Yoksa, yaş ilerledikçe daha fazlamı gözümüze batıyor ?

Cevabı olmayan sorular bunlar, metafizik böyle bir şey sanırım.

Ölümle yüzleşen insan dönemsel değişimler yaşasa da hayat problemleri, insanoğlunun bu konuda derinleşmesini engellemiştir hep.

Oysa felsefi olarak insanın iki kez öldüğünü okumuştum.

İlki fiziki ölüm, bedenin zamana karşı yıpranarak artık ruhu taşıyamama noktasına geldiğindeki, vazgeçiş dönemi.

Bu aslında basit ve anlaşılabilirdi.

Oysa ikincisi …

Seni bilen , konuşan , geride bıraktıklarını taktir eden, paylaşan, son kişi de öldüğünde yani artık adının esamesiningeçmediğindeki o yok olma anı …

Gerçekten ölmek tabiri bana görebu fikre daha yakıncadır.

Bazı acıları vardır insanın , ciğerini söken.

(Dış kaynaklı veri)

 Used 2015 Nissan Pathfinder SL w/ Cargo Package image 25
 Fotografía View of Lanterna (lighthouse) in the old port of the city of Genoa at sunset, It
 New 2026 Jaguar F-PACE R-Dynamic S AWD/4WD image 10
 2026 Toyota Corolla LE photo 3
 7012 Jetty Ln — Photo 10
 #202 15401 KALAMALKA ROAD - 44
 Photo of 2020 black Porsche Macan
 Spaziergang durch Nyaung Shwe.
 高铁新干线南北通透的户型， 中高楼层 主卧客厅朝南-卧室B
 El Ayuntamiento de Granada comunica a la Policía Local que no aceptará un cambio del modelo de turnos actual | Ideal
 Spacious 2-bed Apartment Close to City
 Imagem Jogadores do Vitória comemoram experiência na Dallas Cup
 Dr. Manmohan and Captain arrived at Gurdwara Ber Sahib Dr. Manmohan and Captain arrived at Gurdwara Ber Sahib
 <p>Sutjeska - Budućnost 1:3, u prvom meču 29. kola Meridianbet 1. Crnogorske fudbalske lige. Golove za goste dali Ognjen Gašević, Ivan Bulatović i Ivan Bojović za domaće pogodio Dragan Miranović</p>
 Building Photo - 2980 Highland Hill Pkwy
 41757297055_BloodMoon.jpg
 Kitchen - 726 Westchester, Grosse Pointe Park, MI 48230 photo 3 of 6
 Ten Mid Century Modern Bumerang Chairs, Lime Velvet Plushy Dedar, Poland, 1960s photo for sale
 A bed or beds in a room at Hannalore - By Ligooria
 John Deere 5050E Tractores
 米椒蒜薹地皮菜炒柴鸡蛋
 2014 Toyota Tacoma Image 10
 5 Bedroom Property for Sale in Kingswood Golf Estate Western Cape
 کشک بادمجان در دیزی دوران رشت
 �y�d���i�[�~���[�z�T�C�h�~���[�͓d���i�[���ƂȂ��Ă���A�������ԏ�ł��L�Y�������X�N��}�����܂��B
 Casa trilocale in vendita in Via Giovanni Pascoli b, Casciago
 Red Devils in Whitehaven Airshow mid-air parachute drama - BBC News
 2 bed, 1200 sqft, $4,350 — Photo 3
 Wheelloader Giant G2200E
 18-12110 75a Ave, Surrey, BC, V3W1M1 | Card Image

Canının bir parçasını toprağa koymak suretiyle vedalaşmışsan, bilirsin…

Hepimizin henüz açmadığımız acılarla dolu odalarımız var aslında , yüzleşmediğimiz ve hatta bunu düşünmeye bile cesaret edemediğimiz türden acılar bunlar.

Ancak hayat böyle bir şey zaten , ne yaparsan yap bir gün o kapılar kırılırcasına açılacak.

Böylesi bir duruma hazırlıklı olmak ise kitaplardan okuyarak öğrenebileceğiniz türden bir deneyim değil .

İnsan acılarıyla yüzleşecektir maalesef , er yada geç…

Geçici dünya hayatın ve artık taşıyamayacağın kadar ağır gelen bedenin seni yarı yolda bırakacaktır.

Ne yaparsak yapalım değişmeyecektir bu durum…

O halde geride güzel şeyler bırakmak lazımdır , arkanızdan dua eden insanlar, kitaplar,öğrenciler , çocuklar …

Hayatın şu kısa yolunda çıktığımız yürüyüşümüzü , insanlığımızdan hiçbir şeyi eksiltmeden tamamlamak esastır bence.

Kalp kırmadan yürüyebilmek ne güzeldir mesela.

Yalan söylemeden yaşayabilmek.

Üzmeden kimsecikleri , tamamlayabilmek bu yolu , ne kadar önemlidir.

Ancak , insanı ölüm karşısında çaresiz bırakan aslında nedir ?

Sevdiklerinle vedalaşmak mı ?

Onları üzmek mi ?

Nereye gideceğini bilememek mi?

Yok olmak mı ?

Belirsizliğin kestirilemezliğimi ?

Bu soruları yanıtlayabilmiş ve cevaplarıyla insanları tatmin edebilen bir filozof okumadım, maalesef.

Oysa , Lucretius gibi ölümü görmezden gelecek kaçamak cevaplar söylenmiştir.

‘Ben varken ölüm yok, ölüm varken ben yokum, o halde korkacak ne var ? ’

Yada, Woody Allen , gibide düşünebilirsiniz,

''Ölümden korkmuyorum, sadece o geldiğinde ben orada bulunmak istemiyorum.''

Ancak maalesef ne düşünürseniz düşünün sonuç değişmeyecektir.